The appearance of one’s doppelgänger usually presages disaster. Today, a shadow version of oneself exists constantly alongside our flesh-and-bone selves, for the most part concealed under the surface of our smartphones, in the ebb and flow of data behind our screens. These “statistical alter egos,” as de Young contemporary art curator Claudia Schmuckli calls them, are part of the modern condition—at least for anyone who engages with the networked world.
Instead of shying away from this uncomfortable truth, the artists of Uncanny Valley, Schmuckli’s first group exhibition at the de Young, meet these doppelgängers head on, mining and manipulating that data to confront audiences with their digital lives, and the real-world implications of all that information.
Uncanny Valley is billed as the “first major exhibition in the U.S. to explore the relationship between humans and intelligent machines through an artistic lens,” which sounds like it could be a show of unwieldy and intangible technology. It does, however, hew fairly close to the standard exhibition format, just with slightly more interactive features. Dealing in such nebulous, digital stuff, Uncanny Valley’s strongest moments turn those themes into room-sized installations, as happens in Zach Blas’ The Doors, Lynn Hershman Leeson’s Shadow Stalker and Christopher Kulendran Thomas’ Being Human.
The exhibition opens with Blas’ green-tinged “mystical corporate garden,” organized around the sacred geometry of Metatron’s cube in a nod to the Bay Area’s past and present relationship to psychedelia. At the room’s center, a glass case displays readily available nootropics (so-called smart drugs), popular with a Silicon Valley set interested in optimizing everything, including their own minds. On hanging screens, video projections trained on various neural networks (Fillmore-esque posters, Jim Morrison’s poetry, lizard skin) create a frenetic ambiance, the textbook cacophony of a bad trip.
While Blas’ LSD-inspired “garden” asks questions like “Who gets to have a vision of the future today?” other projects supply an onslaught of unsettling information we didn’t necessarily know to ask after.

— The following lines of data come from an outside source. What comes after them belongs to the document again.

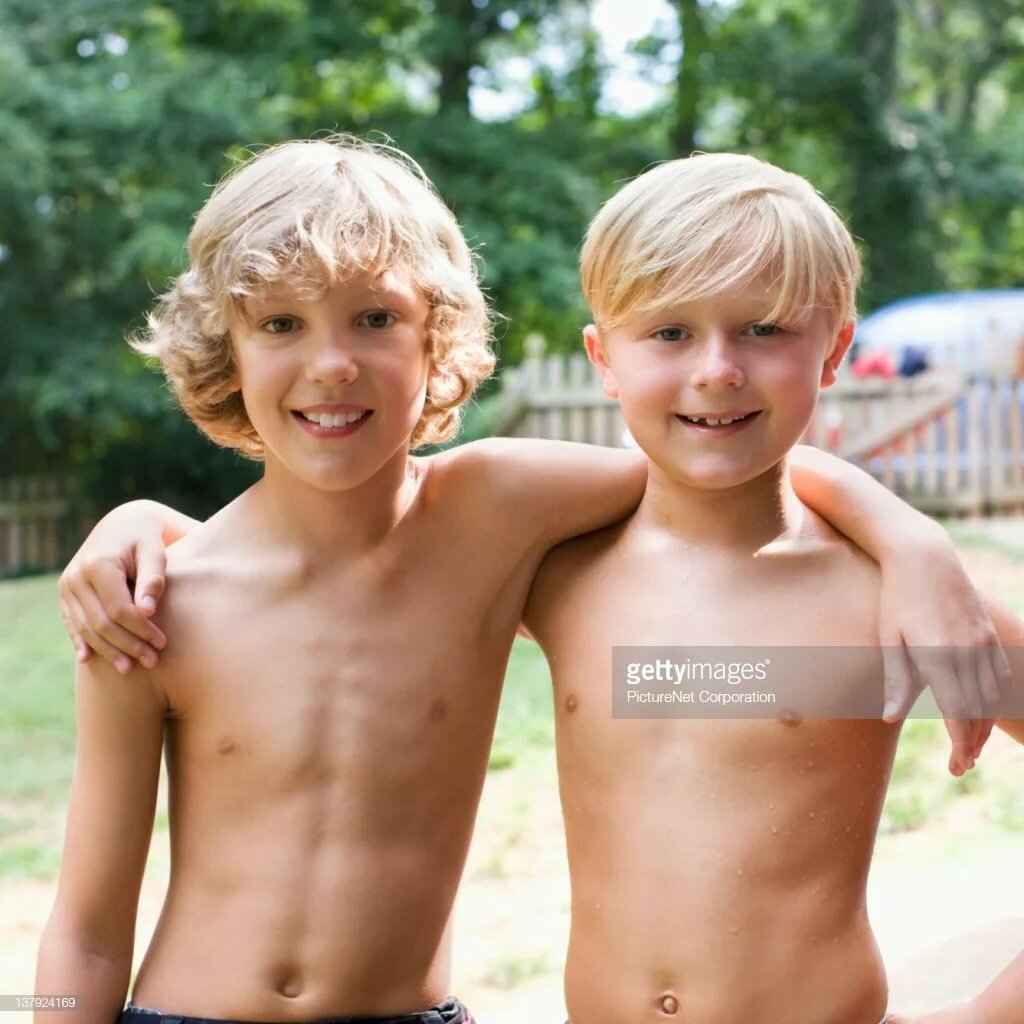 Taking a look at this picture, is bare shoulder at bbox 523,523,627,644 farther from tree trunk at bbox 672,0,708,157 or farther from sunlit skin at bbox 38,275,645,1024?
tree trunk at bbox 672,0,708,157

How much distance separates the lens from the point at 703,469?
172 cm

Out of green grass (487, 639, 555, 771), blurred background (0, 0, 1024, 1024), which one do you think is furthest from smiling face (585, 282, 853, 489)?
green grass (487, 639, 555, 771)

Soliciting visitors’ email addresses, Hershman Leeson’s Shadow Stalker broadcasts what personal data can be gleaned from an internet search of that email, yielding current and former addresses, dates of birth, phone numbers and even, sometimes, credit scores. (Schmuckli assured me the museum isn’t keeping people’s email addresses on file, so at least there’s that.)
Hershman Leeson further implicates her audience (their physical and “digital” shadows become part of a projected map) by linking this invasive search to the reality of predictive policing, which uses data about past arrests to identify “high-risk areas” and determine heightened surveillance of those spaces. The feedback loop is dizzying.